Source information
^^^^^^^^^^^^^^^^

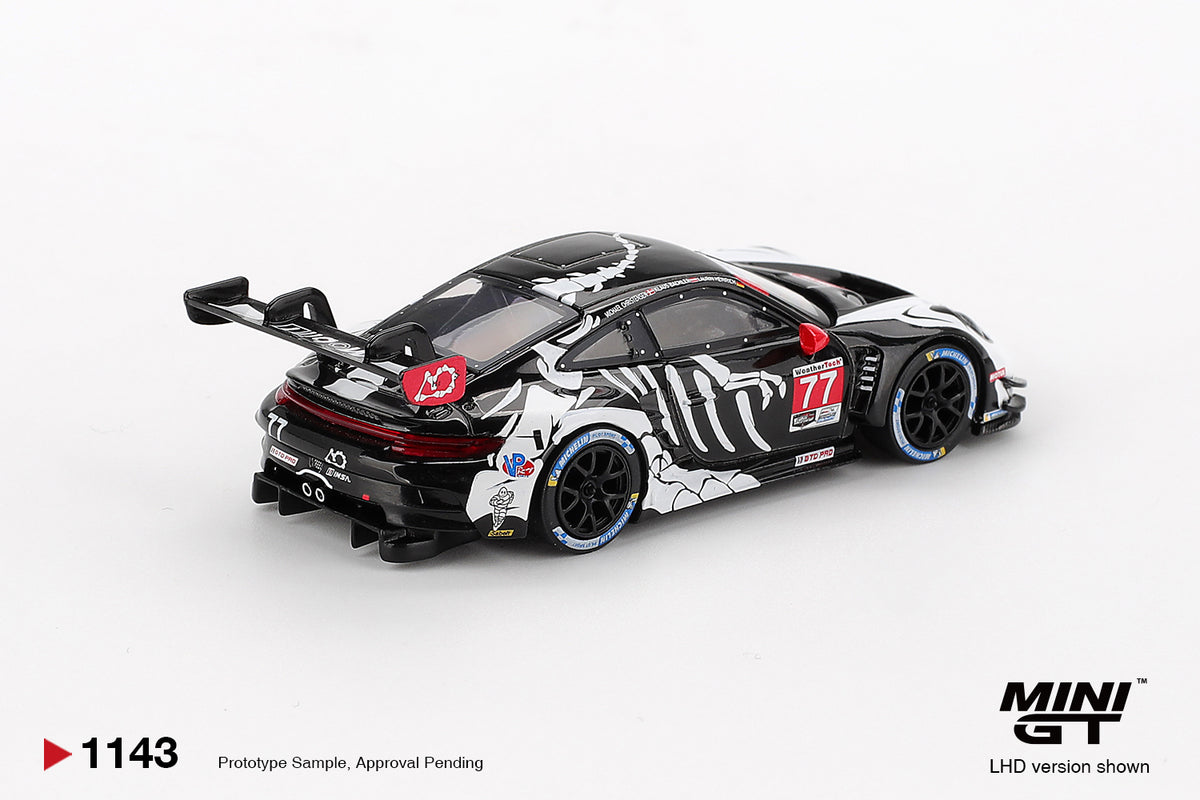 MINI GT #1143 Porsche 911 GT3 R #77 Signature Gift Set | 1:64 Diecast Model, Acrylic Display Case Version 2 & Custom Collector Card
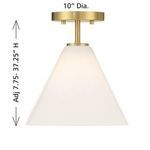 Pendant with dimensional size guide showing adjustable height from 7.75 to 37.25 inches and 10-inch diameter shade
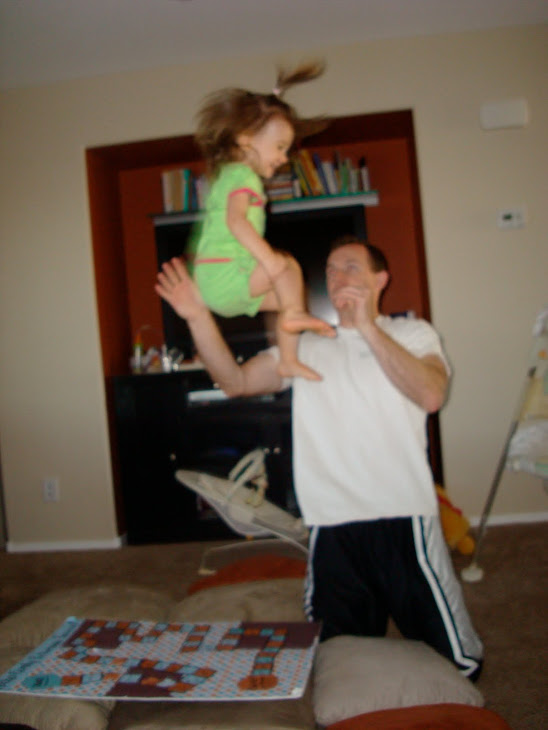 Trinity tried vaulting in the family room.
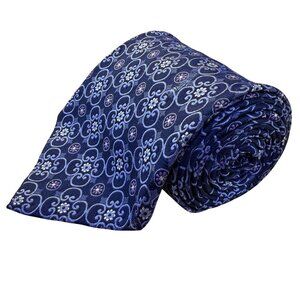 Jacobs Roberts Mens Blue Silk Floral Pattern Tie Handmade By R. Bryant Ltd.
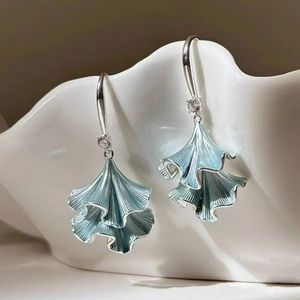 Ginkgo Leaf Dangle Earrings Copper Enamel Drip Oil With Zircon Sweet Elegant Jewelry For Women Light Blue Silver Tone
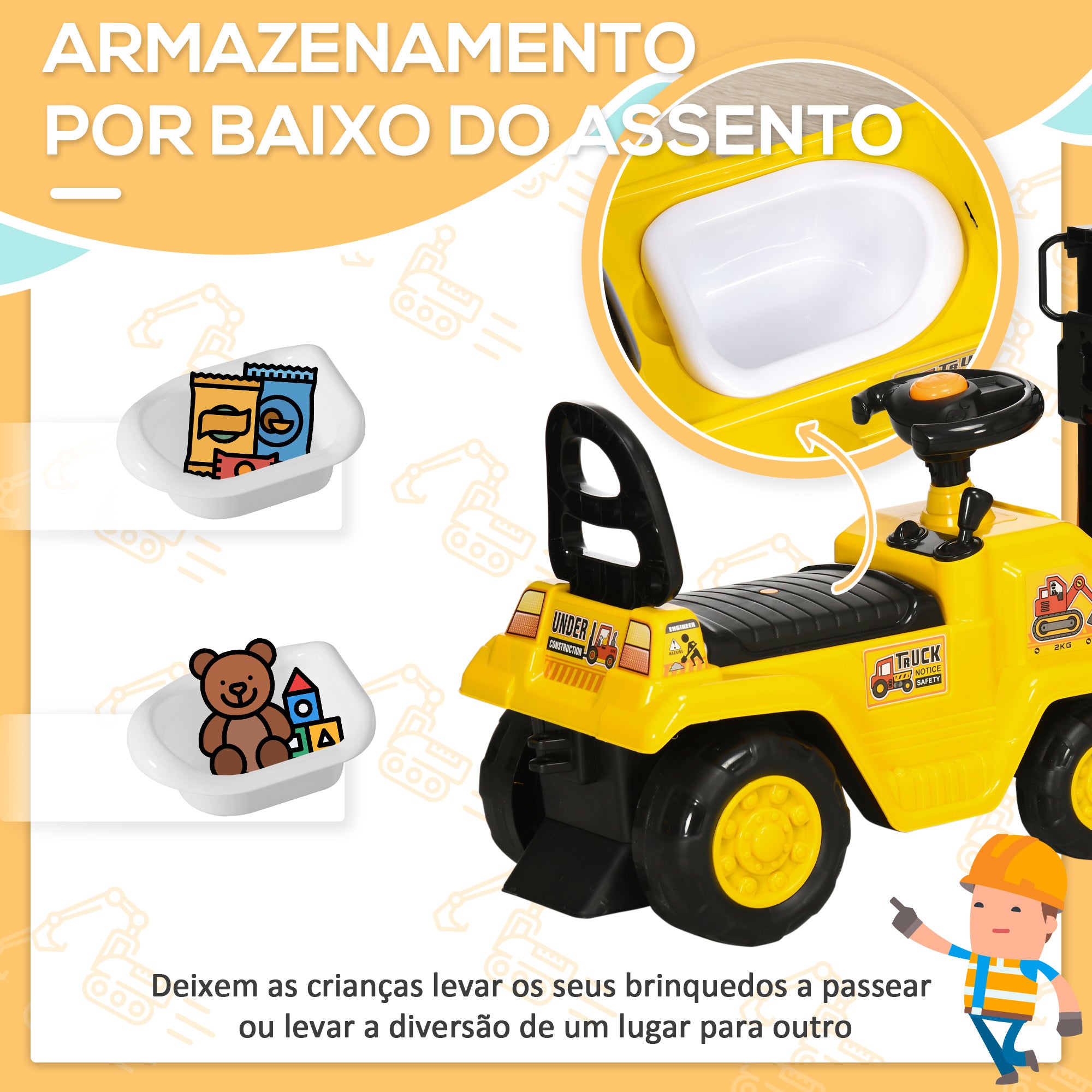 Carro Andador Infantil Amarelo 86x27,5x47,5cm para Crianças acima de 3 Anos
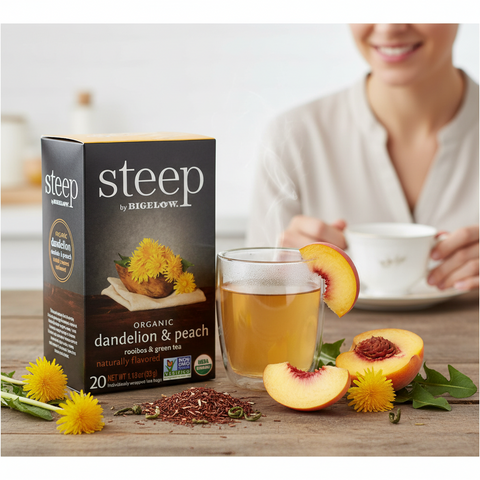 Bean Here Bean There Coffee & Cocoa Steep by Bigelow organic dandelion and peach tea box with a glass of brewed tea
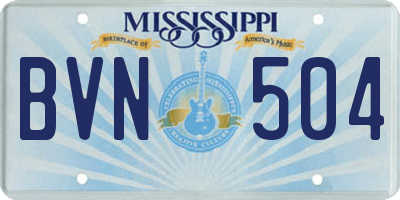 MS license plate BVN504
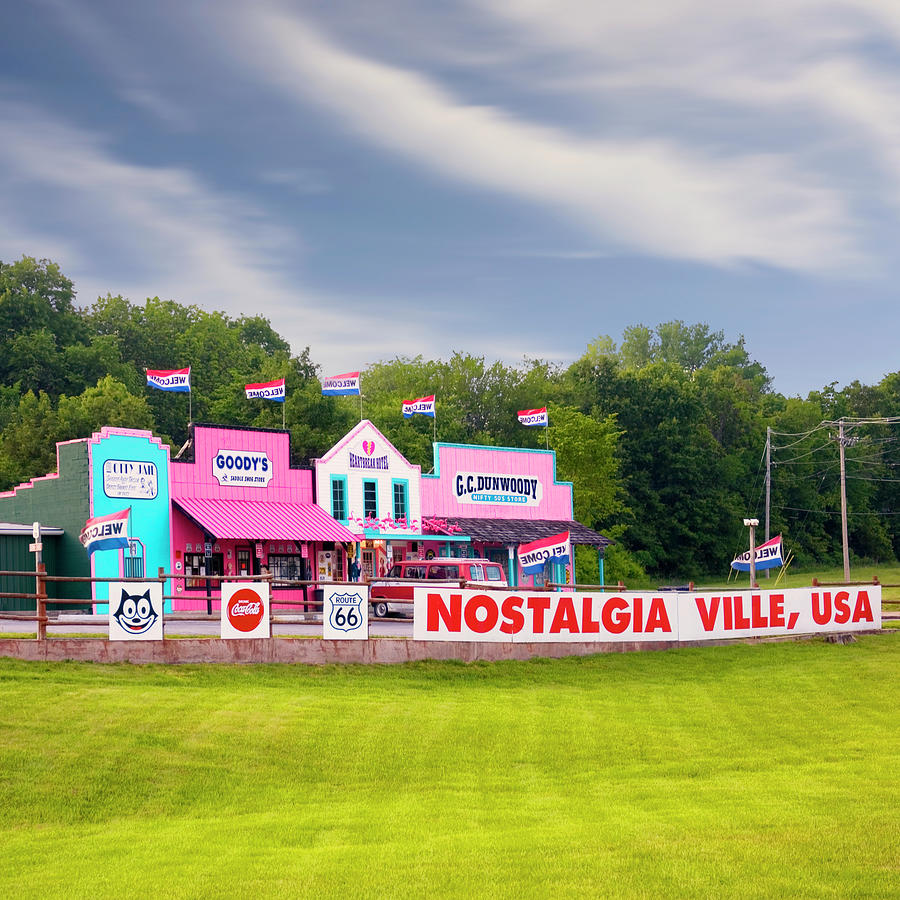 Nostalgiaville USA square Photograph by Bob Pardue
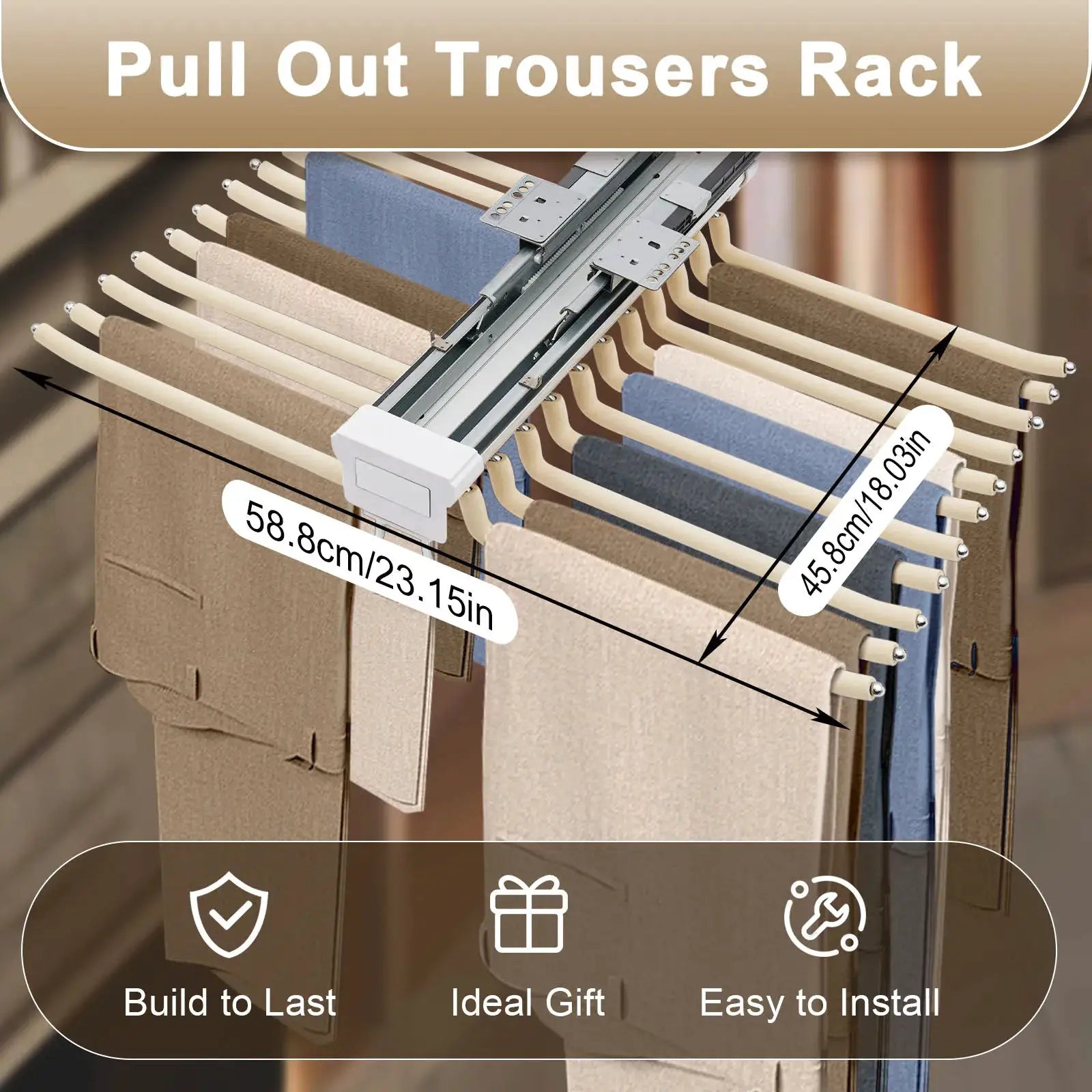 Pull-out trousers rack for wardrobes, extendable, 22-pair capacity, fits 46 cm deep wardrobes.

^^^^^^^^^^^^^^^^

Your goal
Copy out only the lines from the one containing "Nostalgiaville USA square" to the end of the entries, unchanged. Drop the pictures.

Your response
 Nostalgiaville USA square Photograph by Bob Pardue
 Pull-out trousers rack for wardrobes, extendable, 22-pair capacity, fits 46 cm deep wardrobes.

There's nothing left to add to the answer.